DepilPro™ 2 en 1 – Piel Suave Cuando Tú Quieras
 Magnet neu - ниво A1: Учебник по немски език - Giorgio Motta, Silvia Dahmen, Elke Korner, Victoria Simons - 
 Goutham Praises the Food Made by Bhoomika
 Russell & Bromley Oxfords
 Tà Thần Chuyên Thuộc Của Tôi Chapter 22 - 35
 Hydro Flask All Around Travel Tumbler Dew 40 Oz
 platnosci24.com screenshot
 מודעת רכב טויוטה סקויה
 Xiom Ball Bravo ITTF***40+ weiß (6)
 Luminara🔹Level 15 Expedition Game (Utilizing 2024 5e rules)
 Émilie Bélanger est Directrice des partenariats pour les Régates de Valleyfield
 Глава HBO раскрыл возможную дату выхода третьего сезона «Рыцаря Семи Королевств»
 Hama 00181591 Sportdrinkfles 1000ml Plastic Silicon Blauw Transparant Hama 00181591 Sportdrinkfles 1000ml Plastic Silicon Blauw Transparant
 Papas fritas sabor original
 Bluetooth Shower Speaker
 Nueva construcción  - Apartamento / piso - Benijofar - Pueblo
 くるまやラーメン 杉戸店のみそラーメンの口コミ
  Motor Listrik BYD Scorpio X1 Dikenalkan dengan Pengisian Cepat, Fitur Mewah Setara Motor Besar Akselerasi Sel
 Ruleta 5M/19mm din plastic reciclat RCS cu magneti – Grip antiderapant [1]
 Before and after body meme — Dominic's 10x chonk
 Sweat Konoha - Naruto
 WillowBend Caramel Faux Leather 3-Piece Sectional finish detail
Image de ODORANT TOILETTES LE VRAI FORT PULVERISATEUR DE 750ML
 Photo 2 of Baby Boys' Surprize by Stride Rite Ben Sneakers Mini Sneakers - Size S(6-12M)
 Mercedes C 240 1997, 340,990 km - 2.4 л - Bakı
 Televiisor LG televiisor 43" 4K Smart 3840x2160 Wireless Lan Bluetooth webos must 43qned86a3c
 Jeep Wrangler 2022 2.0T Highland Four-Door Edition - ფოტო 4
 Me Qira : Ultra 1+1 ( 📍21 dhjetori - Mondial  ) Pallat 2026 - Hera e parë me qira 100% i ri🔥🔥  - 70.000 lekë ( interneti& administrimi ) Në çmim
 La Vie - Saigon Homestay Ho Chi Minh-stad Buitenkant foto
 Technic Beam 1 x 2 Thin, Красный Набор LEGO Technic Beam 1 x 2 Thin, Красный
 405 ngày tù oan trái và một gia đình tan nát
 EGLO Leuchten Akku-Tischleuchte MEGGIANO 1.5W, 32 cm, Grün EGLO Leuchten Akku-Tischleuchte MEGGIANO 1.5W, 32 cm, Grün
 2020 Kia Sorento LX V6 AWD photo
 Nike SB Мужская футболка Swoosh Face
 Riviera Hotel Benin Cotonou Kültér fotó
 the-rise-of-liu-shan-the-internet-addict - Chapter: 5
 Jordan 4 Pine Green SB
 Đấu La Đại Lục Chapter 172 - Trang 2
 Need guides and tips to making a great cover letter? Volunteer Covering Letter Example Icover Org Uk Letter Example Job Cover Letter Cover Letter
-=-=-=-=-
* [What you will do]
Give back every line of the data exactly.

* [Result of this exercise]
DepilPro™ 2 en 1 – Piel Suave Cuando Tú Quieras
 Magnet neu - ниво A1: Учебник по немски език - Giorgio Motta, Silvia Dahmen, Elke Korner, Victoria Simons - 
 Goutham Praises the Food Made by Bhoomika
 Russell & Bromley Oxfords
 Tà Thần Chuyên Thuộc Của Tôi Chapter 22 - 35
 Hydro Flask All Around Travel Tumbler Dew 40 Oz
 platnosci24.com screenshot
 מודעת רכב טויוטה סקויה
 Xiom Ball Bravo ITTF***40+ weiß (6)
 Luminara🔹Level 15 Expedition Game (Utilizing 2024 5e rules)
 Émilie Bélanger est Directrice des partenariats pour les Régates de Valleyfield
 Глава HBO раскрыл возможную дату выхода третьего сезона «Рыцаря Семи Королевств»
 Hama 00181591 Sportdrinkfles 1000ml Plastic Silicon Blauw Transparant Hama 00181591 Sportdrinkfles 1000ml Plastic Silicon Blauw Transparant
 Papas fritas sabor original
 Bluetooth Shower Speaker
 Nueva construcción  - Apartamento / piso - Benijofar - Pueblo
 くるまやラーメン 杉戸店のみそラーメンの口コミ
  Motor Listrik BYD Scorpio X1 Dikenalkan dengan Pengisian Cepat, Fitur Mewah Setara Motor Besar Akselerasi Sel
 Ruleta 5M/19mm din plastic reciclat RCS cu magneti – Grip antiderapant [1]
 Before and after body meme — Dominic's 10x chonk
 Sweat Konoha - Naruto
 WillowBend Caramel Faux Leather 3-Piece Sectional finish detail
Image de ODORANT TOILETTES LE VRAI FORT PULVERISATEUR DE 750ML
 Photo 2 of Baby Boys' Surprize by Stride Rite Ben Sneakers Mini Sneakers - Size S(6-12M)
 Mercedes C 240 1997, 340,990 km - 2.4 л - Bakı
 Televiisor LG televiisor 43" 4K Smart 3840x2160 Wireless Lan Bluetooth webos must 43qned86a3c
 Jeep Wrangler 2022 2.0T Highland Four-Door Edition - ფოტო 4
 Me Qira : Ultra 1+1 ( 📍21 dhjetori - Mondial  ) Pallat 2026 - Hera e parë me qira 100% i ri🔥🔥  - 70.000 lekë ( interneti& administrimi ) Në çmim
 La Vie - Saigon Homestay Ho Chi Minh-stad Buitenkant foto
 Technic Beam 1 x 2 Thin, Красный Набор LEGO Technic Beam 1 x 2 Thin, Красный
 405 ngày tù oan trái và một gia đình tan nát
 EGLO Leuchten Akku-Tischleuchte MEGGIANO 1.5W, 32 cm, Grün EGLO Leuchten Akku-Tischleuchte MEGGIANO 1.5W, 32 cm, Grün
 2020 Kia Sorento LX V6 AWD photo
 Nike SB Мужская футболка Swoosh Face
 Riviera Hotel Benin Cotonou Kültér fotó
 the-rise-of-liu-shan-the-internet-addict - Chapter: 5
 Jordan 4 Pine Green SB
 Đấu La Đại Lục Chapter 172 - Trang 2
 Need guides and tips to making a great cover letter? Volunteer Covering Letter Example Icover Org Uk Letter Example Job Cover Letter Cover Letter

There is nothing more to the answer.